Grande nouvelle en ce jeudi 3 octobre 2013, sur tous les médias. Geneviève Fioraso, la ministre de l’enseignement supérieur et de la recherche (sans oublier l’espace) a présenté son projet France Université Numérique, dont l’objectif est de mettre, d’ici 2017, 20 % des cours universitaires en ligne.

Notre ministre, qui prêche pourtant si bien en faveur de la place de l’anglais dans nos universités, n’a sans doute pas pris garde que l’acronyme choisi pour France Université Numérique qui est FUN, est parfaitement adapté au comique de cette prétendue innovation, mais risque d’entraîner de fort mauvais jeu de mots dans le monde anglophone qui ne manquera pas, lui, de trouver ce projet "funny" (à l’intention du cabinet de la ministre = drôle, comique, curieux) !

Son argumentaire fait état du retard que nous avons dans ce domaine, alors qu’aux États-Unis près de huit universités sur dix, y compris les plus prestigieuses comme Harvard, Stanford ou le MIT offre « ce service gratuit aux étudiants ou à des auditeurs libres partout dans le monde ». C’est bien plus que du retard comme on va le voir et surtout on n’a pas compris grand chose au système !

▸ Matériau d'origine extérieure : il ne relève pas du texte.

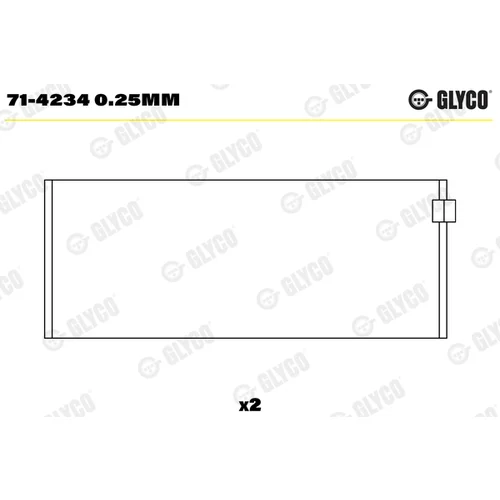 Panva ojni?ného ložiska GLYCO 71-4234 0.25mm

Pour lancer ce mouvement en France, la ministre va créer une plate-forme nationale dotée de 12 millions d’euros qui proposera dans un premier temps une vingtaine de cours accessibles dès janvier avec la collaboration de diverses universités aux grandes écoles. Soit !

Il est fâcheux que ce qui est une grande nouvelle pour les penseurs du ministère de l’enseignement supérieur, de la recherche et de l’espace soit, aux yeux d’un pauvre diable comme moi, une vieillerie. J’ai entendu parler aux États-Unis de tels projets depuis une bonne grosse douzaine d’années ; je n’ai pas fait de recherche particulière sur la question mais, sauf erreur de ma part et à en croire mes souvenirs, c’est le Massachusetts Institute of Technology, le MIT qui, dès 2001, en tout cas, a été la première université américaine à offrir un nombre important de ses cours, même si, déjà auparavant, le MIT avait commencé ce type d’offre. et proposait une partie de ses enseignements en ligne

L’opération Open Course Ware (OCW) a été lancée en 2001, en tout cas, avec la mise en ligne de 50 cours ; une grande majorité des 940 professeurs du MIT a accepté le principe (et a participé au projet, sans rémunération supplémentaire) de partager dans un tel cadre, recherche, pédagogie et connaissance. Depuis 2006, plus de 1500 cours sont disponibles en ligne et le site reçoit 1,5 millions de visites mensuelles du monde entier, dont 60 % sont des consultations extérieures aux États-Unis. La majorité des cours est en PDF, mais on trouve aussi des fichiers audio et des cours en vidéo.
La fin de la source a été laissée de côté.